Task item:
Here is the task for the listing below: output exactly the lines from the one containing "Paperback The Rescue, A" through the one containing "唐布拉加油站：畅游天山南北的必备站点", and leave out the pictures.

[[ Data shown open ]]

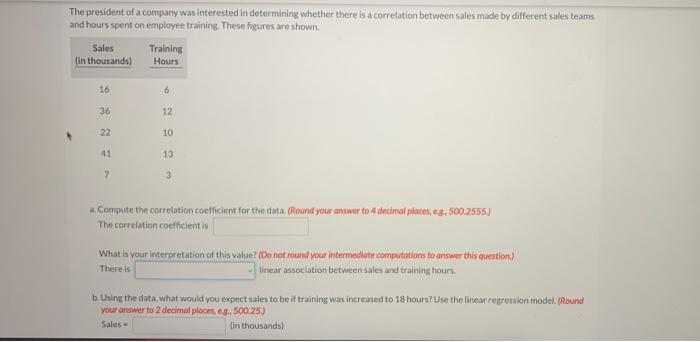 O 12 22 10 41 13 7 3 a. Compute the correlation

[[ Data shown closed ]]
[[ Data shown open ]]

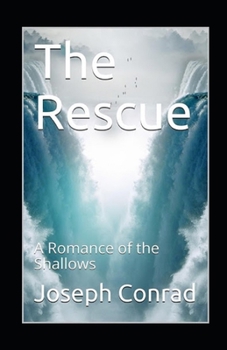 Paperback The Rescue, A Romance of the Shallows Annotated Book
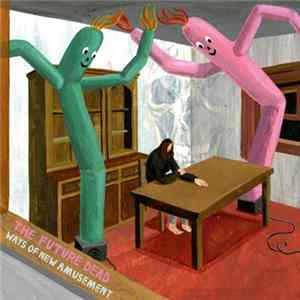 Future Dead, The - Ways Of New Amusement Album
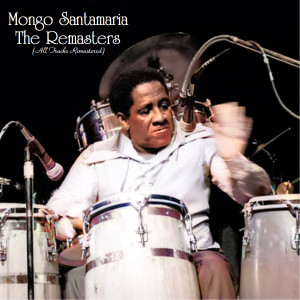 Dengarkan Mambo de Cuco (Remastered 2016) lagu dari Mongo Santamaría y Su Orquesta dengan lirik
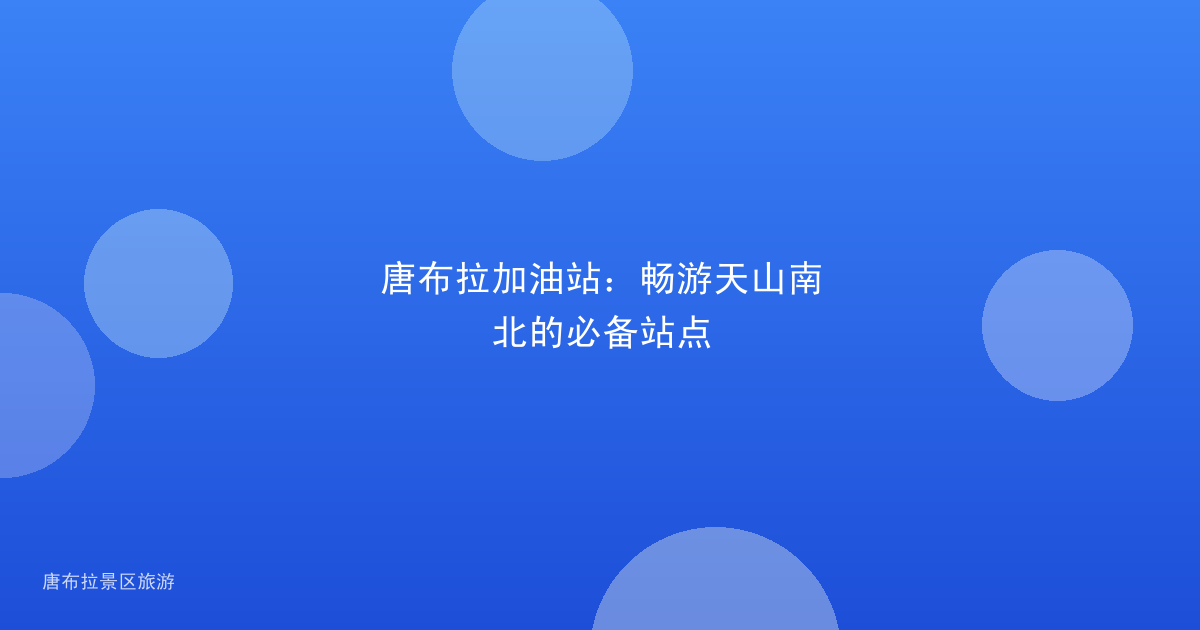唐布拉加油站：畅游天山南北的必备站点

[[ Data shown closed ]]

Solution for this exercise:
 Paperback The Rescue, A Romance of the Shallows Annotated Book
 Future Dead, The - Ways Of New Amusement Album
 Dengarkan Mambo de Cuco (Remastered 2016) lagu dari Mongo Santamaría y Su Orquesta dengan lirik
唐布拉加油站：畅游天山南北的必备站点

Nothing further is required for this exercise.